Question

A disc of mass m is connected to two springs having spring constants $k_1$ and $k_2$ as shown in the figure. Find the time period of oscillation.

• A. $2\pi \sqrt{\frac{2m}{(k_1+4k_2)}}$
• B. $2\pi \sqrt{\frac{m}{(k_1+4k_2)}}$
• C. $2\pi \sqrt{\frac{3m}{2(k_1+4k_2)}}$
• D. $2\pi \sqrt{\frac{2m}{3(k_1+2k_2)}}$

Answer 1

The correct option is C $2\pi \sqrt{\frac{3m}{2(k_1+4k_2)}}$

At any instant centre of disc is displaced by x (towards left).
Then spring attached at C is compressed by x and spring attached at A elongates by 2x. Let v be the velocity of centre of cylinder and $\omega$ its angular velocity.

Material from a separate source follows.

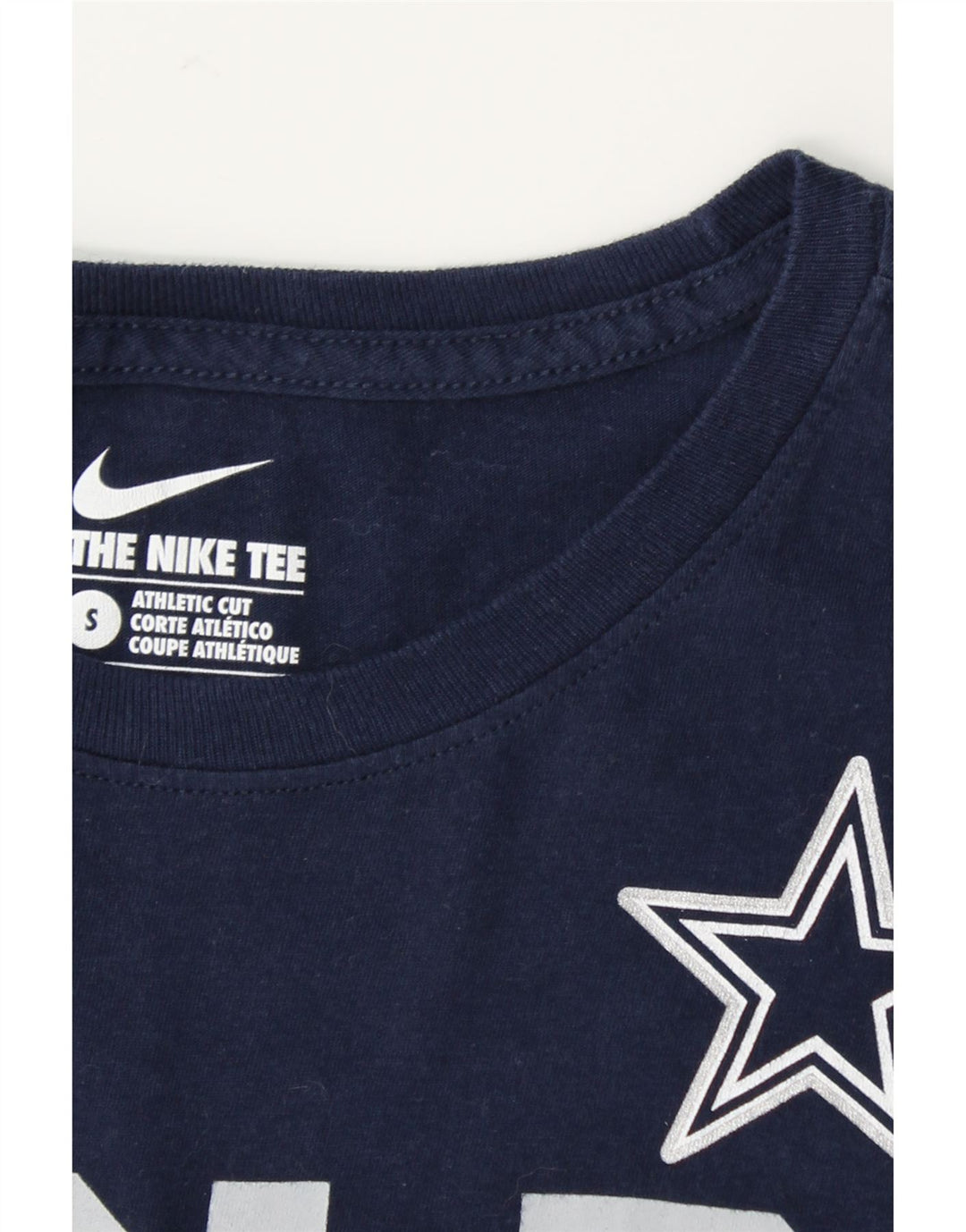NIKE Mens Athletic Cut Graphic T-Shirt Top Small Navy Blue Vintage Nike and Second-Hand Nike from Messina Hembry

Total mechanical energy in displaced position is
$E=\frac{1}{2}m{v}^2+\frac{1}{2}{I}_C{\omega }^2+\frac{1}{2}{k}_1{x}^2+\frac{1}{2}{k}_2(2x{)}^2$
But $\omega =\frac{v}{R}and{I}_C=\frac{1}{2}m{R}^2$
Hence $E=\frac{3}{4}m{v}^2+\frac{1}{2}{k}_1{x}^2+2k_2{x}^2$
In case of pure rolling energy is conserved
$\therefore \frac{dE}{dt}=0$

or, $\frac{3}{2}mv\left(\frac{dv}{dt}\right)+k_{1}x\left(\frac{dx}{dt}\right)+4k_{2}x\left(\frac{dx}{dt}\right)=0$
$\frac{dx}{dt}=v$ and $\frac{dv}{dt}=a\left(acceleration\right)$, with these substitution we get,
$\frac{3}{2}ma=-(k_1+4k_2)xi.e.,a\infty -x$
$T=2\pi \sqrt{\left|\frac{x}{a}\right|}=2\pi \sqrt{\left|\frac{3m}{2(k_1+4k_2)}\right|}$